On the surface, it’s a Yazuka coming-of-age movie, but it’s also steeped in Chinese and Buddhist symbolism. Now, I haven’t seen it since it came out seven years ago, and I’ve learned much more about its sources and Mr. Miike’s inspirations since then, so I can only guess what the hilarious, creepy and intense movie is actually trying to say. The image that’s been burned into my mind — in a very long, long list of things that will
scar you stick with you — is the ox-headed man as seen on the cover:
In Chinese mythology, there is the figure of Ox-Head, a guardian of the underworld, sort of like an Anubis-type. To me, this symbolizes the death/rebirth cycle that’s at the heart of Gozu, but more importantly, gives me more fodder to scare the living daylights out of myself. Remember the frangipani dream about the flowers that were symbols of ghosts and death? Guess who made a guest-starring role in my dreams last night?
This was on par with Mr. Fedora and the bear-headed man, only this time Mr. Ox-Head up there was kneeling by my bed and breathing his ring-nosed, Theseus-bashing, Osiris-reincarnating, acrid breath into my face.** I was partly awake, but paralyzed, and I could feel my hair moving with every snort; my eyes must have been open because it was dark and I could see things in my room and just his bare outline. Like the frangipani, Mr. Ox-Head is connected to death, or more specifically, the guardian of the place that happens after death.
Go talk to Haley Joel Osment, m’kay? Oh, how about Jennifer Love Hewitt? Patricia Arquette? FRACKING JOHN EDWARD. Don’t talk to me if you’re dead. Unless you know, you’re undead, but not like a zombie undead, but a vampire undead. And not a 30 Days of Night undead, but a Dracula or a Buffy undead.
It’s either I’m haunted or my subconscious is telling me I really, really want to be a furry.
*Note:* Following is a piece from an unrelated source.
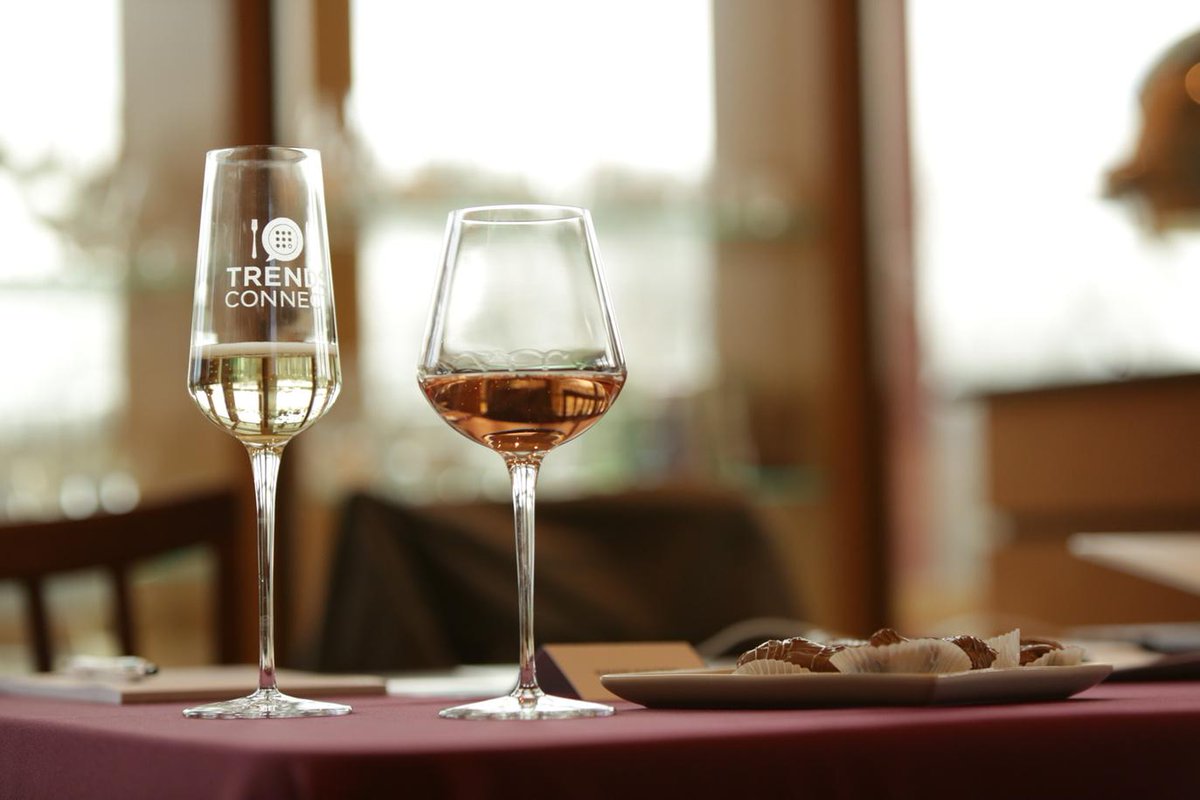 Great ending to day one #trendsconnect2015 Barry Walsh and Gillian Balance on wine trends
<a href="/gballance/">gillian ballance</a> @WildmanWines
*Whenever I cut any sort of meat in two with a cleaver, be it a chicken breast or a fish head or even a piece of tofu vaguely shaped to resemble an animal, I pretend to get a quickening. New roommates have learned this the
hard awkward way.
**We have a quotations book at the coffee shop where I work and my co-worker (hi, Stevie! And Stevie’s mom!) has many, many of her sayings jotted down for the hilarity of future generations. When I told her about my latest dream, she said, “It’s like heaven and hell — in your face!” That immediately got written down. Another gem? “Is today still yesterday?”